Voilà comment il faut prêcher.
Etudier son auditoire, s'adresser à lui simplement, ne pas se servir de
phrases amphigouriques, bien tournées, bien étudiées. Ce serait profaner le
Verbe de Dieu. Gardez à la parole de la vérité sa robe virginale. Vous
connaissez la parabole de cette Académie de l’Inde où les savants lisaient
et commentaient les livres remarquables. Un jour l’Evangile leur tomba entre
les mains. Le président prit le livre et lut et, la lecture finie, au lieu de
la commenter, il se tut. “Mais vous ne dites rien? et le commentaire?” Le
savant prit un vase et l'emplit d'eau de façon à ce qu’on n'y pût mettre
une goutte de plus, une feuille même sans le faire déborder et il dit:
“Voilà le livre que nous avons lu, on n’y peut rien ajouter tant il est
complet, tant il est plein”.
Prêchez donc l'Evangile. Et prêchez-le
comme l'a prêché le Sauveur, en le pratiquant d'abord, en pratiquant les
vertus que vous voulez enseigner: “Jésus a fait et enseigné” (Ac 1:1).
Vous prêchez la pénitence, faites pénitence. Pendant trente ans,
Notre-Seigneur a pratiqué toutes les vertus avant de les enseigner aux autres.
Un jour de la Présentation de la Sainte Vierge, je sortais de la Visitation
et j'entrais dans la chapelle des Sœurs de la Providence. On allait faire la
rénovation des voeux, et leur fondateur, le Père Boigegrain, faisait
l'instruction. Il était bien vieux, il leur parlait tout simplement et familièrement.
Il leur disait. “Avec qui allez-vous renouveler vos voeux? Avec Marie, avec
Jésus. Il faut faire comme faisait Marie au jour de la Présentation, et
comme faisait Jésus au jour de la Purification, et les sentiments de Marie étaient
les mêmes que ceux de Jésus, parce que Jésus les lui avait appris par
avance”. Et il se mit à développer les sentiments qu'éprouvaient Jésus
et Marie à pareil jour en termes si simples mais si profondément touchants
que j’en pleurais. Sur la fin de l'instruction, il s'aperçut qu’il y
avait un étranger, et apprenant que c'était moi, il me fit venir: “Je vais
vous demander quelque chose, monsieur l'abbé, promettez-moi de me dire la vérité.

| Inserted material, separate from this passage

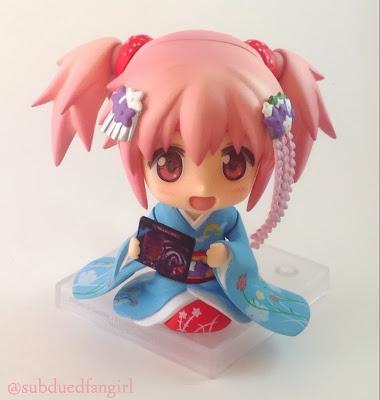 Nendoroid Madoka Maiko Ver. Review Image 13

Vous voyez que je suis bien vieux. Autrefois j'écrivais mes sermons, mais je
ne peux plus écrire ni lire, croyez-vous qu'en conscience je sois encore
capable de prêcher à nos Sœurs?” Je lui répondis qu'il en était encore
si capable, qu'il m’avait fait pleurer. Voyez l'humilité et la simplicité
de ce bon vieillard qui était si éloquent en faisant parler Jésus et Marie!